Here's a big hint. (I think this is one of ThePerfectHacker's tricks, but I may be wrong.)

Let the numerator x^2 = x^2 + 1 - 1. Then the fraction becomes:
x^2/(x^2 + 1) = 1 - 1/(x^2 + 1)

You might find the last integral easier to do. (Think trig substitution.)

-Dan
• Oct 2nd 2006, 12:22 PM
Judi
I see how that integral becomes 1-1/(x^2+1)
I see I have to use trig ...I draw some pictures and I don't get it
how do you take integral of 1/(x^2+1)
help...
• Oct 2nd 2006, 12:26 PM
topsquark
Quote:

Originally Posted by Judi
I see how that integral becomes 1-1/(x^2+1)
I see I have to use trig ...I draw some pictures and I don't get it
how do you take integral of 1/(x^2+1)
help...

Let x = tan(theta)
Then dx = sec^2(theta) d(theta)
x^2 + 1 = tan^2(theta) + 1 = sec^2(theta)

So dx/(x^2 + 1) = sec^2(theta) d(theta)/sec^2(theta) = d(theta)
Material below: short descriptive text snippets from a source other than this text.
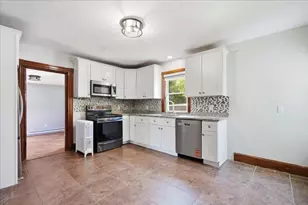 352 Beulah St, Whitman, MA 02382 - Photo 9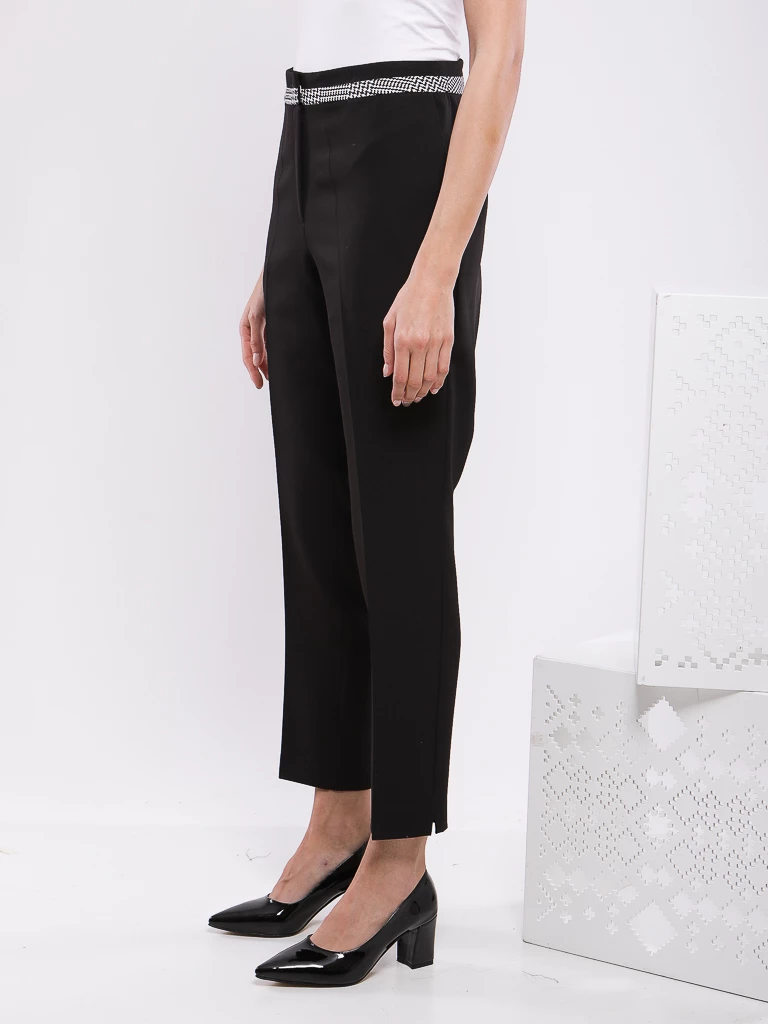 PANTALON COUPE DROIT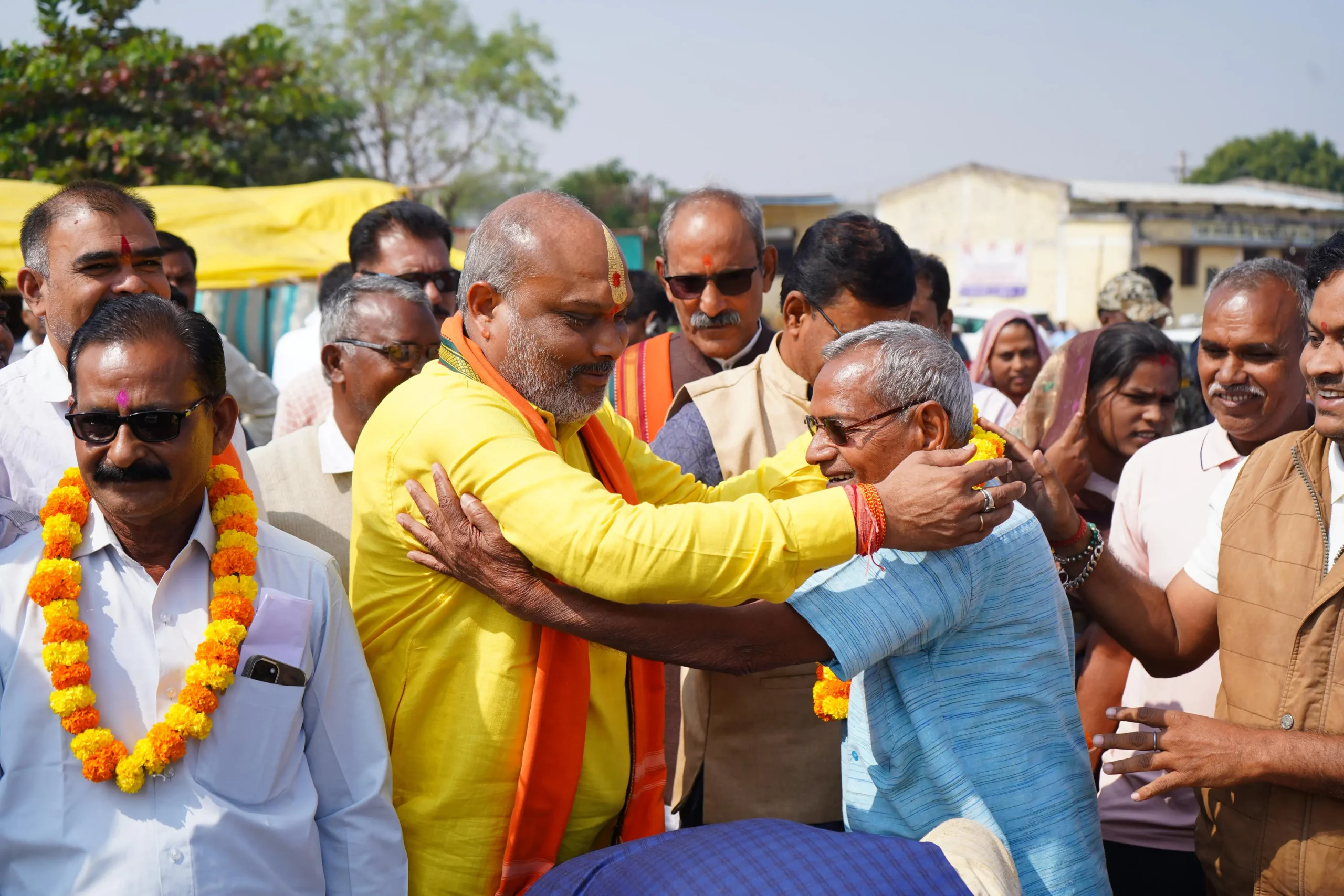 किसानों का महापर्व, धान खरीदी तिहार का शुभारंभ, सांसद, विधायक, प्रभारी सचिव, कमिश्नर एवं कलेक्टर ने की किसानों से धान खरीदी 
Don't forget to change the limits! (I always do anyway. :) )

-Dan
• Oct 2nd 2006, 04:27 PM
ThePerfectHacker
Quote:

Originally Posted by Judi
how do you take integral of 1/(x^2+1)
help...

It is a tabular integral you need to have it burned in your memory.
It is the arctangent function.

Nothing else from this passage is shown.